Çalışma biçimleri de kuşaktan kuşağa değişiklik gösteriyor.
Kuşakların çatışmasına neden olan bir diğer konu da çalışma biçimleri arasındaki farklılıktan kaynaklanıyor. 'Z kuşağı' denilince akla gelen esnek ve uzaktan çalışma saatleri, söz konusu 'X kuşağı' olduğunda yerini sabit ve işveren tarafından belirlenmiş ofis saatlerine bırakıyor. Aslında her kuşak, kendi doğrusuyla maksimum verim sağlamasına rağmen, iki taraf da karşıdakinden kendisi gibi davranmasını istiyor. Esas sorun da aslında bu oluyor.
Kuşak çatışmasını önlemenin en etkili yolu bilgi paylaşımıdır.
İş hayatındaki farklı kuşaklar, ortak hedefe farklı yollardan ilerleyen bireylerdir. Bu nedenle, kuşak çatışması denilen şey aslında etkili ve açık iletişim sayesinde önlenebilir. Bu noktada elbette işverenlere büyük ödev düşüyor. Çünkü kimi zaman, farklı görüşlere sahip bu bireyleri eğitip uzlaştırma konusunda alanında uzman kişilerin yönergelerine gereksinim oluyor. İş hayatında köprüler kurmayı sağlayan mentorluk sistemi, her kuşağın kariyerini en doğru şekilde şekillendirmesine de katkı sağlıyor.

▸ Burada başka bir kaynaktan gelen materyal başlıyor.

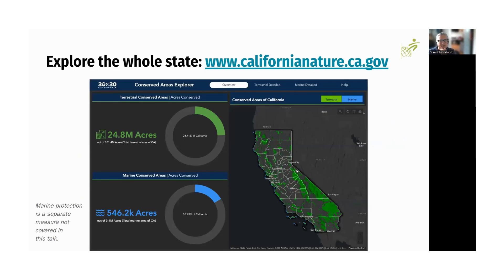CNRA has a live website where you can interact with the data on a web map and see where we are in terms of status. We're expecting an update in the next month or two, where the CPAD 2024A release from June will be refreshed to this website. We will be refreshing both CPAD and CCED, and the website will reflect those changes. It's important to note that this talk and the portal data do not currently represent the marine element of 30 by 30 — these are purely the terrestrial acreages we're discussing.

Her kuşağın kendi güçlü ve zayıf yönleri olduğunu bilerek hareket etmesi önemlidir.
Z kuşağının teknolojiye yatkınlığı ve X kuşağının yüz yüze iletişimdeki becerileri bir araya geldiğinde iş verimini maksimuma çıkaran unsurlar doğuyor. Bu nedenle kuşakların çatışmaktan ziyade birbirine yol göstermesi ve birbirinden öğrenmeye odaklanması gerekiyor. İş yerinde farklı kuşakları birleştiren bütüncül bir yapının ve mentorluk sistemlerinin benimsenmesi, her kuşağın kendini geliştirmesi için en doğru yöntemler arasında.
Kuşak çatışmasının çözümü aslında sanıldığından basit.
En temel haliyle ifade etmek gerekirse, her jenerasyon kendi dönemini yansıtan bireyler olarak yetişiyor. Yani X kuşağı için daha manuel ve geleneksel sistemler doğru gözükürken, Z kuşağı doğduğu dijital çağı ve teknoloji hakimiyetini yansıtıyor. Teknolojinin yükselişi ve geleneksel arası en yakından deneyimleyen Y kuşağı ise çeşitli konularda bilgi sahibi olan, çok yönlü bireyleri ifade ediyor. Bu kuşakları birleştirmek için öncelikle taraflar arası saygıyı pekiştirmek gerekiyor.
Farklı kuşakların farklı zorluklarla mücadele ettiğini hatırlatmak buradaki en doğru yöntem olabilir.
Anlayış ve iletişim zorluklarını önlemenin birincil adımı, karşılıklı ifade özgürlüğünden geçiyor. Bunun için tarafların anlayışı, gerekse de en temelde işverenin sağladığı teşvikler önemseniyor. Çünkü açık iletişim kanalları oluşturmaya ve fikir alışverişine elverişli çalışma sahalarında, kuşaklar arası farklılıklar da saydamlaşarak önemsiz hale geliyor.
Kurum içi iletişimi güçlendirmek için farklı teknikler benimsemek gerekiyor.
Bu noktada kurulan ofis forumları, dijital ve manuel toplantı ağları kuşakların birbirini tanımasına katkı sağlıyor. İş süreçlerini otomatikleştiren aygıtların kullanımı arttıkça teknoloji odaklı kuşakların bilgisi önem kazanırken, müşteri ilişkileri söz konusu olduğunda deneyimi yüksek çalışanlar yol gösterici oluyor. Bu durum ise her kuşağın, karşı tarafa bir yaş kriteri ile yaklaşmadan önce saygı göstermesini sağlıyor ve birlikte çözüm üretme sürecini pekiştiriyor.